Regarding what is expected and advocated by the benefits, I would currently hypothesize that this environment has a negative impact on long-term individual motivation, and it is more difficult to concentrate and to avoid preemption. If I find some clues in this direction, my first and current plan would be something like:

  1. The benefits wanted by companies in terms of group:

    • Team cohesion
    • Fluidity of communication (see theory of information processing) and knowledge sharing
    • Motivation (by collective emulation and cohesion and/or better hierarchical surveillance)
  2. Disadvantages

    • Leveling / erasing of people (intrinsic individual characteristics are flattened into a group mean, probably the resulting form of the most influential and extrovert behaviors)
    • Distraction: a single person can create a unplanned meeting (whatever personal/professional topics) or a game (for example starting throwing a single soft ball) that will degenerate into massive service interruption (because nobody is really in charge of that, and hierarchy may think it is part of cohesion)
    • Insecurity* and lack of autonomy, loosing ability to create a personal space of withdrawal) (* in this context, insecurity would be related to this quotes "These openings would foster a sense of insecurity related to the failure to exercise a comfortable grip on his/her personal space/sphere, especially in some situations where the distance with the hierarchical instance is lower." translated from one of my book)
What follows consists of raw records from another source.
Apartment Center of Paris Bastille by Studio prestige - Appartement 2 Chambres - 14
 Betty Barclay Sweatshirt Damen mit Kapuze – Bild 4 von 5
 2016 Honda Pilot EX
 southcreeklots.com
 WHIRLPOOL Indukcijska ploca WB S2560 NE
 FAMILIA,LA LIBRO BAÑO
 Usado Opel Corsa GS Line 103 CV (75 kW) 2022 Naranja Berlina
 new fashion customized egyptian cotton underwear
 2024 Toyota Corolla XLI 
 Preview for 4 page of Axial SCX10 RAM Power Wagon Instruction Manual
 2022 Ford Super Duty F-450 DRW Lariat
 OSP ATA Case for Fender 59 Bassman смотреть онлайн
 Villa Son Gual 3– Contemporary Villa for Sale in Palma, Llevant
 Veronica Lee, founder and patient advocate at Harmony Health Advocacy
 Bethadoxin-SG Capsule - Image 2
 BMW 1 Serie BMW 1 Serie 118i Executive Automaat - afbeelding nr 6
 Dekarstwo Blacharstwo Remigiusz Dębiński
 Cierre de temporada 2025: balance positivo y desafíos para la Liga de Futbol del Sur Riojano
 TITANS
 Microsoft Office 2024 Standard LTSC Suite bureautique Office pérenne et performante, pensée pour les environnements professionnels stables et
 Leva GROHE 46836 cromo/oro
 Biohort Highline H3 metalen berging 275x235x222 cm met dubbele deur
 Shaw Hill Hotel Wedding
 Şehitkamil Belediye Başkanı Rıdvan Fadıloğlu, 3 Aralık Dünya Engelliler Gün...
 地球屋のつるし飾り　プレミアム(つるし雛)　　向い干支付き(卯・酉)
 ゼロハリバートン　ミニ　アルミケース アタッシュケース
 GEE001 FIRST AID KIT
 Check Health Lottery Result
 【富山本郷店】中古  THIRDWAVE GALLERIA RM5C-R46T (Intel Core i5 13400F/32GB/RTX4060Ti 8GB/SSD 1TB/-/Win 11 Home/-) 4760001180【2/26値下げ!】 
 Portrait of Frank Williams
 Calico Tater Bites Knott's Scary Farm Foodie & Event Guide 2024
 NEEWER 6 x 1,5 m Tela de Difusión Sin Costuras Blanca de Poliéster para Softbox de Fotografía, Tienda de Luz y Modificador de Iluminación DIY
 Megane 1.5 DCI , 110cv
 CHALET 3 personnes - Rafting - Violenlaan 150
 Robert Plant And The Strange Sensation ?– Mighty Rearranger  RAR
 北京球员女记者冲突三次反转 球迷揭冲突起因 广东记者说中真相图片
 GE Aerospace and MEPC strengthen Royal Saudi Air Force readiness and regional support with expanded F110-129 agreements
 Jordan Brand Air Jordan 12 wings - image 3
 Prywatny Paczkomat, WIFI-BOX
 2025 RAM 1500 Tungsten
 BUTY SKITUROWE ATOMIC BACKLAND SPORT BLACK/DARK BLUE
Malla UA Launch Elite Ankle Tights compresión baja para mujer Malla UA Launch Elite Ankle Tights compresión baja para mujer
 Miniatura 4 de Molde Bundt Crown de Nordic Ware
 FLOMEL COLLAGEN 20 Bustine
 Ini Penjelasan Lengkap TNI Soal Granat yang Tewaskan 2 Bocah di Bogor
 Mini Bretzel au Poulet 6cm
Particularly, and for now, I would be interested by reading researchers that may have studied directly or indirectly any of:

  • open space drawbacks
  • productivity (before/after comparison)
  • knowledge sharing before/after (before/after comparison)
  • intimacy feeling/private sphere respect before/after (before/after comparison)
  • concentration/focus (before/after comparison)
  • spontaneous criticisms in small "human sized" desk (3-4 persons) versus "keep it for me" and have bad feelings concerning troublemakers because it may be herder to spot a problem in front of a bigger audience
  • accumulated distraction moments (before/after comparison)
  • etc.

I have some books in my native language but they are not related directly to these questions, and I find it hard to get some English literature.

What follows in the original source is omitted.